Newman received early support from a figure who had, up to that moment, remained silent on Vietnam for nearly 30 years. In 1993, Robert S. McNamara, secretary of defense to both Kennedy and Johnson, gave Newman the relevant part of an oral history he had recorded in 1986. In that document -- of which McNamara had made no public use -- McNamara states that Kennedy had made a decision to withdraw in spite of growing pessimism over the conduct of the war. Neither then nor later has McNamara ever tried to use this history to change the perception of his own responsibility for how the war was eventually conducted.

McNamara's book, "In Retrospect," appeared in 1995. I bought a copy the day it hit Austin, Texas, as I knew it would test McNamara's capacity for candor on this point. The statement that Kennedy made a "decision" to begin a withdrawal appears flatly in the table of contents. And there are several matter-of-fact pages that report on the decision meeting of Oct. 2, 1963, at which McNamara recommended, and Kennedy agreed to, the withdrawal plan. But how well could McNamara document his case?

An opportunity to find out came soon. On April 1, 1995, McNamara came to Austin to speak at the LBJ Library, to an enormous crowd. I drafted a question (of which, sadly, no copy survives) referring very specifically to the passages on Kennedy's withdrawal decision and asking for details. I printed it on a full page in large type and sent it up to the panel of screeners who were assigned to sort through scribbled questions from the audience -- a system designed, no doubt, to protect McNamara from verbal abuse.

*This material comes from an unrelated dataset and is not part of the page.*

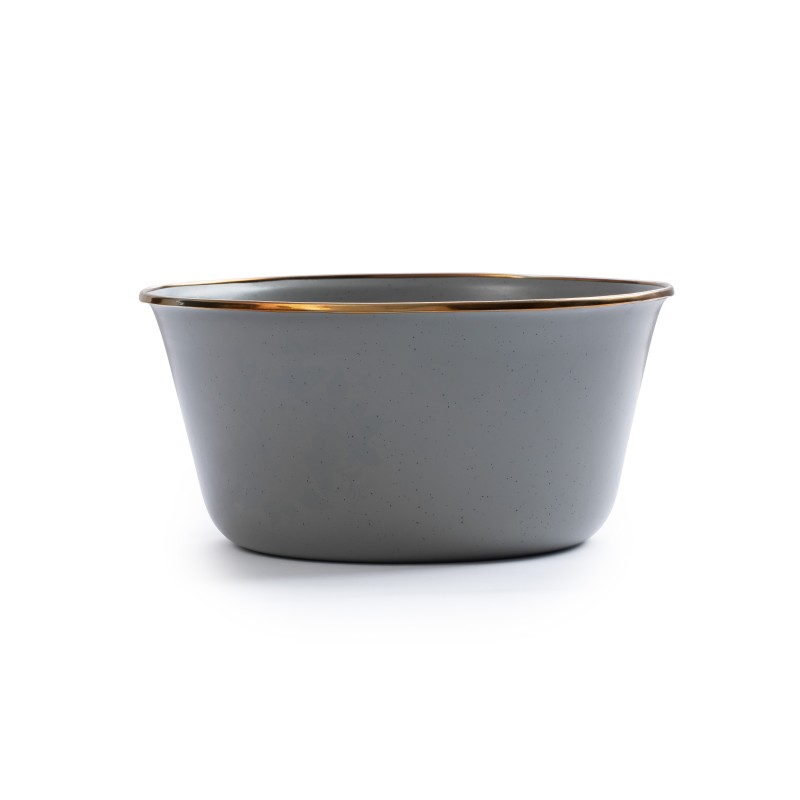 Set of 2 Grey Enamel Steel Mixing Bowls –...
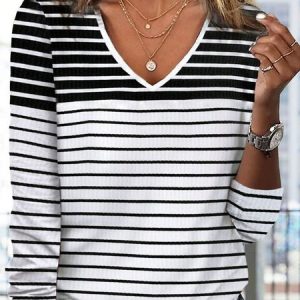 Casual Striped Printed V-neck T-Shirt, T-shirts, color:Black-white|size:XXL, Noracora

My question ended up in front of Neal Spelce, then anchorman for the local CBS affiliate. I suppose Neal assumed that it had been planted by the chair. He started to read it, seemed to realize that his inference was incorrect, and swallowed the rest. But McNamara understood where my question had been leading. He confirmed the "decision" to withdraw, and gave an account of Kennedy's taping system and of how he had gotten access to these tapes. The scene was recorded on a videotape, which I possess. I wrote an account for the Texas Observer, modestly neglecting to mention my own slightly subversive part:

"Why is this issue explosive? Because with only two obscure exceptions none of the dozens of books on the history of Vietnam decisionmaking over the past thirty years has winkled out the story of Kennedy's decision to withdraw. It is not in David Halberstam's "The Best and the Brightest", not in Stanley Karnow's "Vietnam", not in Richard Reeves' "President Kennedy," not in any of the scholarly volumes. ...

Now comes McNamara, with confirmation of Newman's argument and the flat statement that there exists a tape as proof. ... . It might be added that McNamara is on record as far back as July, 1986 confirming Kennedy's decision to withdraw, in an oral history closely held since then by the Kennedy Library. McNamara's oral history also makes plain, though his book fudges the issue, that Kennedy's decision was based on McNamara's own recommendation to withdraw in spite of the fact that the U.S. was losing the war."

I had never met McNamara, and only learned from his memoir that he credits my father (who interviewed him in preparing what became "The New Industrial State") with recommending him to Kennedy as Pentagon chief. Imagine my surprise, therefore, when a few months later a letter arrived, asking permission to reprint my obscure Observer column. In 150,000 copies. And from whom? Robert Strange McNamara, the form said. My column appears in an appendix to the paperback edition of "In Retrospect." In 1997 we did meet, in Vermont, and spent a long afternoon reviewing these issues in the company of two great newspaper people, both now deceased: Tom Winship and Katharine Graham.